Ils firent un tour de 30 minutes, en prenant les petites routes afin d'éviter les éventuelles voitures du bureau du Sheriff. Quand il coupa le moteur, Scott pleurait presque de joie. Il savait qu'il n'aurait surement plus jamais l'occasion de monter et encore moins de conduire une telle moto. Une fois le casque enleva, il s'approcha du garde de garde et l'enserra dans ses bras.
- Merci beaucoup dit-il tout ému.
- Attends, ce n'est pas fini souffla Isaac, heureux de voir l'effet de son souffle sur la peau de son jeune amant.
Scott s'écarta. Que pouvait lui réserver encore le garde du corps ? Il lui tendit une pochette. Contenant des documents. Il l'ouvrit. Et lu. Et faillit pousser un hurlement. Il avait entre les mains le certificat de la moto. Et elle était à son nom. Il leva la tête.
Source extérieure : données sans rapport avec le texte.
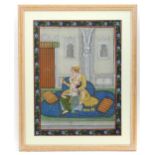 20th century, Indian School, Watercolour and gouache, Lovers seated upon cushions in a temple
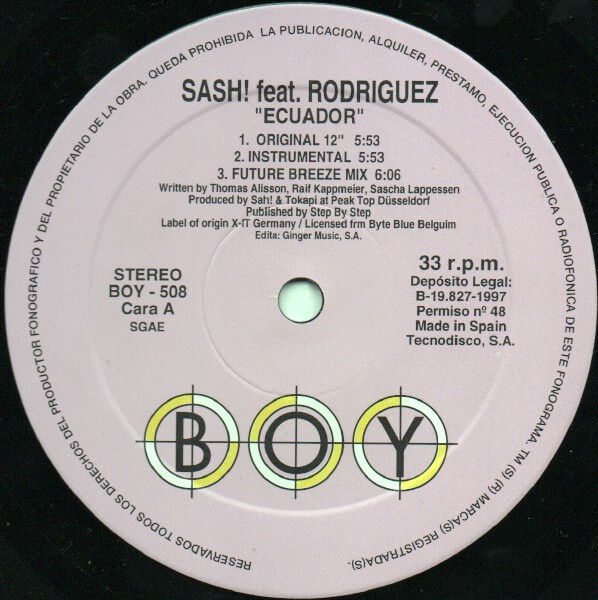 Sash! Featuring Rodriguez - Ecuador | Boy Records (BOY-508) - 3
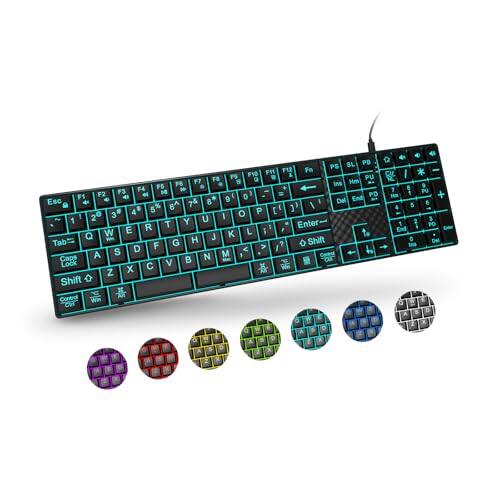 Cedar Assembly - Large Print Backlit Quiet Usb Wired Computer Keyboards Full Size With & 6 Modes Compatible For Windowsmac - Black Wired Keyboard(RGB)-Full size for Mac & Win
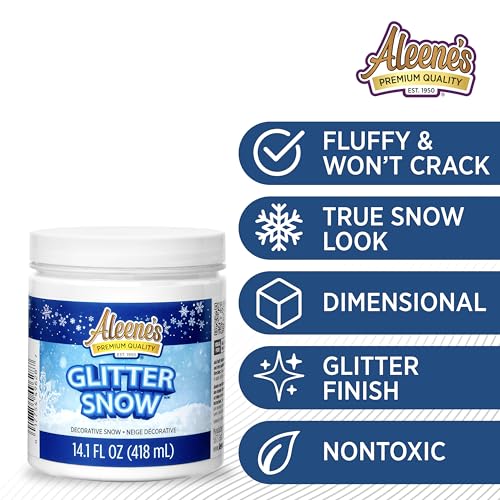 Aleene's Glitter Snow Glue, Fake Snow Crafting Texture, 14 oz Tub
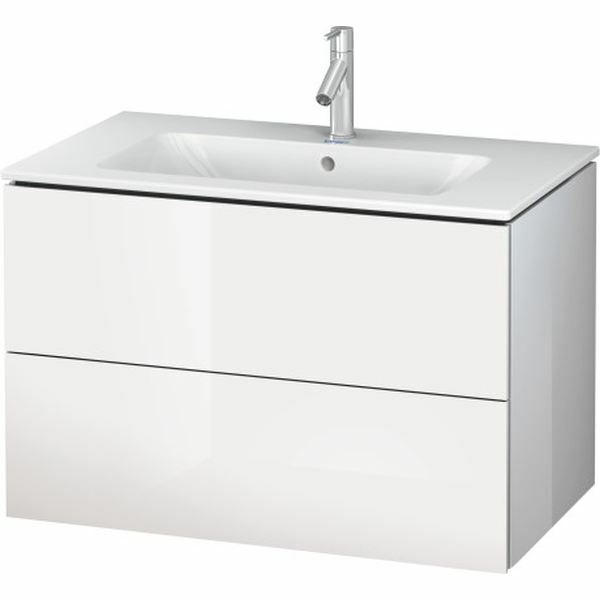 Duravit L Cube 2 Drawer Vanity Unit Only Wall Hung 820mm Wide - White Gloss - LC624102222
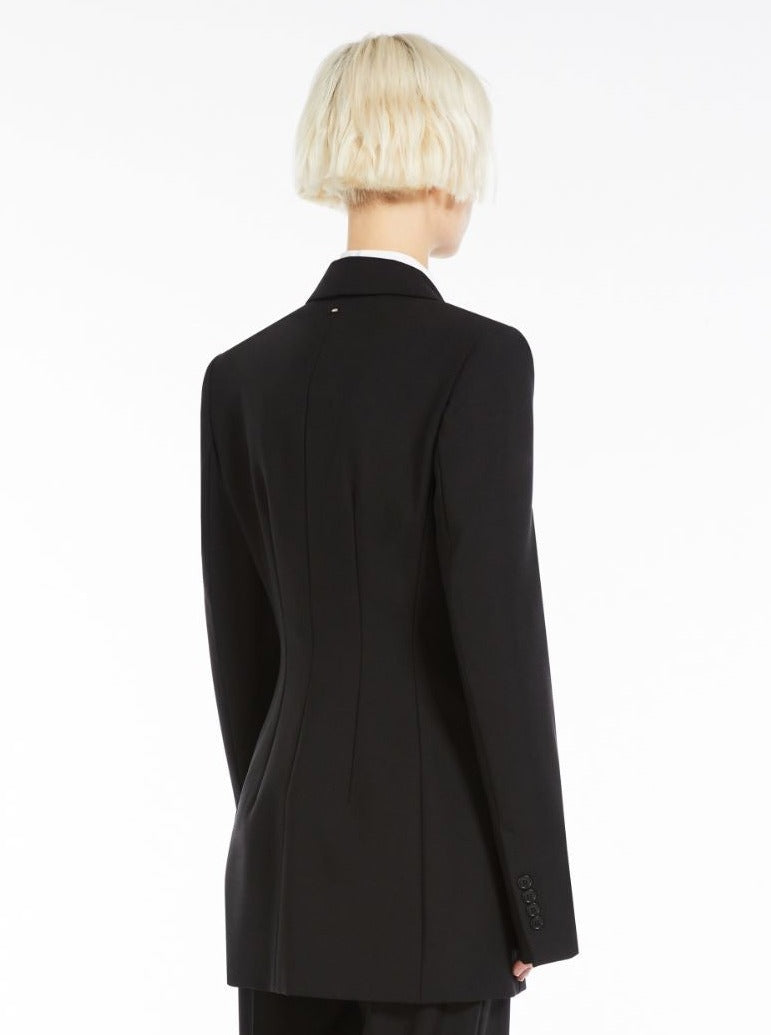 GELLY Double-breasted stretch wool blazer, black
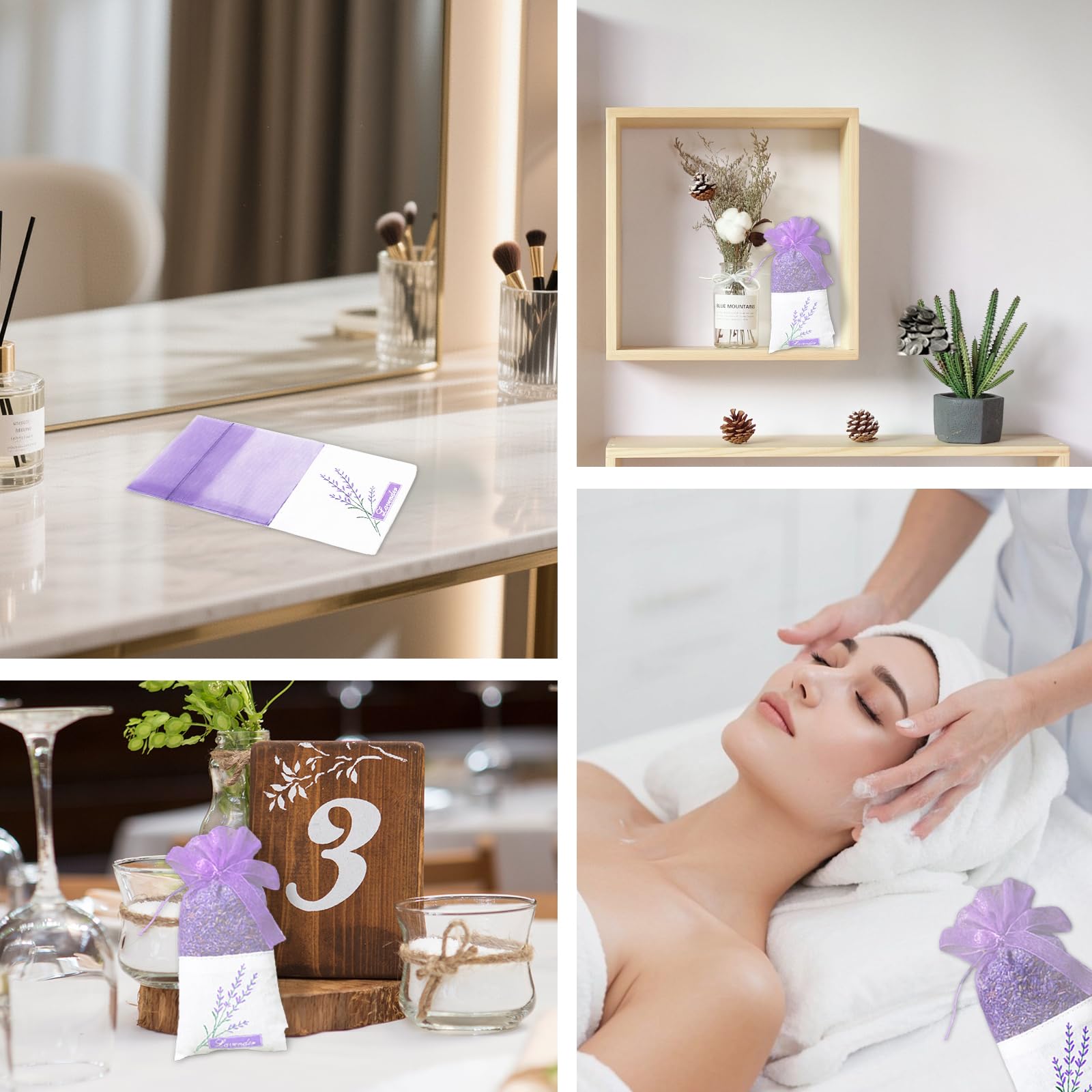 40 Pcs Sachet Vide pour Lavande Sacs De Sachet De Motif De Lavande Vide avec 40 Cordon De Serrage pour Ranger des Plantes Herbacées Et De Petits Objets(Violet Pâle)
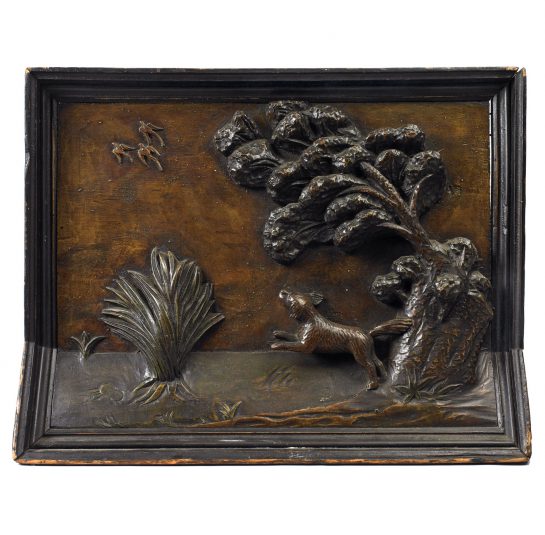 Sporting Diorama with a Dog Flushing Birds Out of the Woods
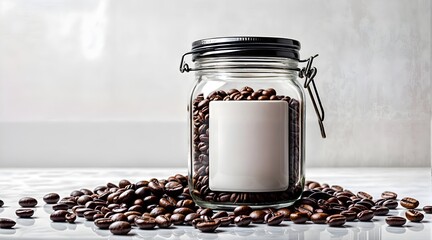 A coffee glass jar with a white blank label stands on the table among scattered coffee beans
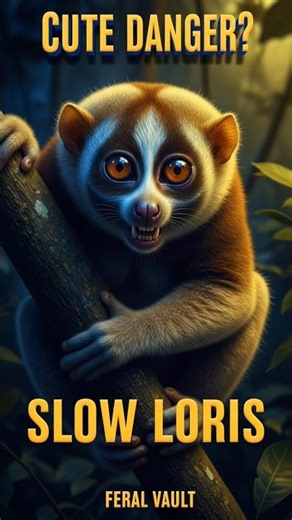 Slow Loris || Cute But Venomous Bite?!🐵😱 #shorts #animals #ytshorts #feralvault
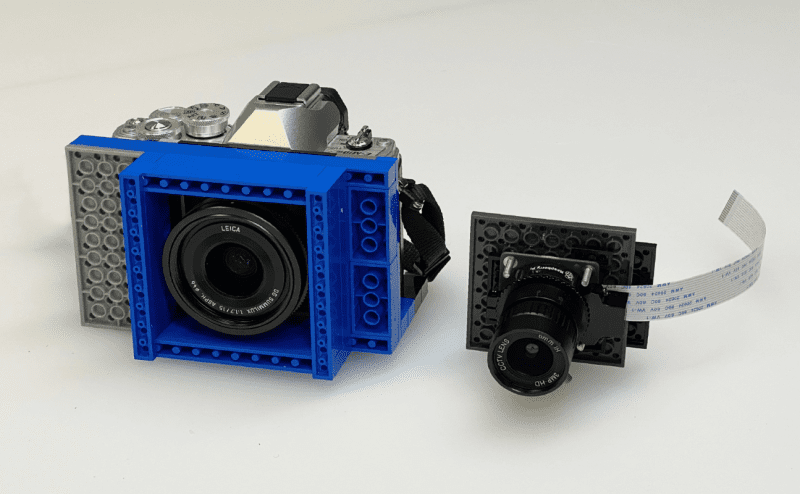 A Lego mounting system enables the HQ Camera (and an Olympus one) to be switched easily between prototypes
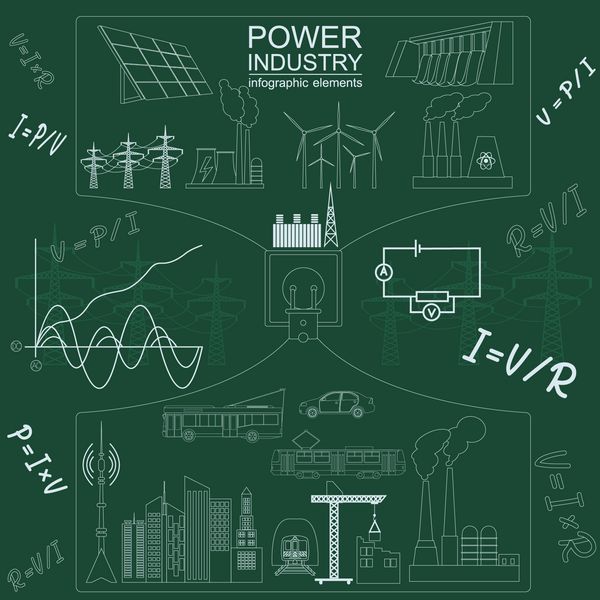 اینفوگرافیک صنعت انرژی برق سیستم های الکتریکی مجموعه ای از عناصر برای ایجاد اینفوگرافیک های خود وکتور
- Non, c'est trop dit-il en restant soufflé par l'émotion.
- Ne dis rien ! Cela me fait plaisir ! Et puis, c'est un peu de ma faute si ta moto est en mode épave maintenant.
Isaac se retrouva plaqué contre le mur du garage, Scott l'embrassant à pleine bouche.
La voisine avait décidé de sortir son chien. Elle avait entendu le bruit infernal de la machine des voisins. Elle n'appréciait que peu le jeune homme. Toujours en train de faire du bruit. Et son insupportable ami qui n'arrêtait jamais de parler. Cela faisait un moment qu'il n'était pas venu. Elle voulait aussi dire au voisin de faire moins de bruit. Elle vit de la lumière dans le garage et s'approcha. Elle passa la tête par la porte, son chien levant la patte sur le mur attenant. Elle eu un hoquet de surprise. Elle se retourna, prit son chien dans ses bras, et courut presque pour rentrer chez elle, et s'enfermer à double tour. Elle venait de voir son voisin embrasser un autre garçon. Un blond. Elle en resta choquée pendant plusieurs jours. Elle était persuadé qu'ils faisaient ça en douce, sans que la mère du jeune homme ne le sache. Elle devait lui dire. Elle devait lui parlait que son fils prenait la mauvaise voie et que Dieu ne le sauvera pas s'il continuait.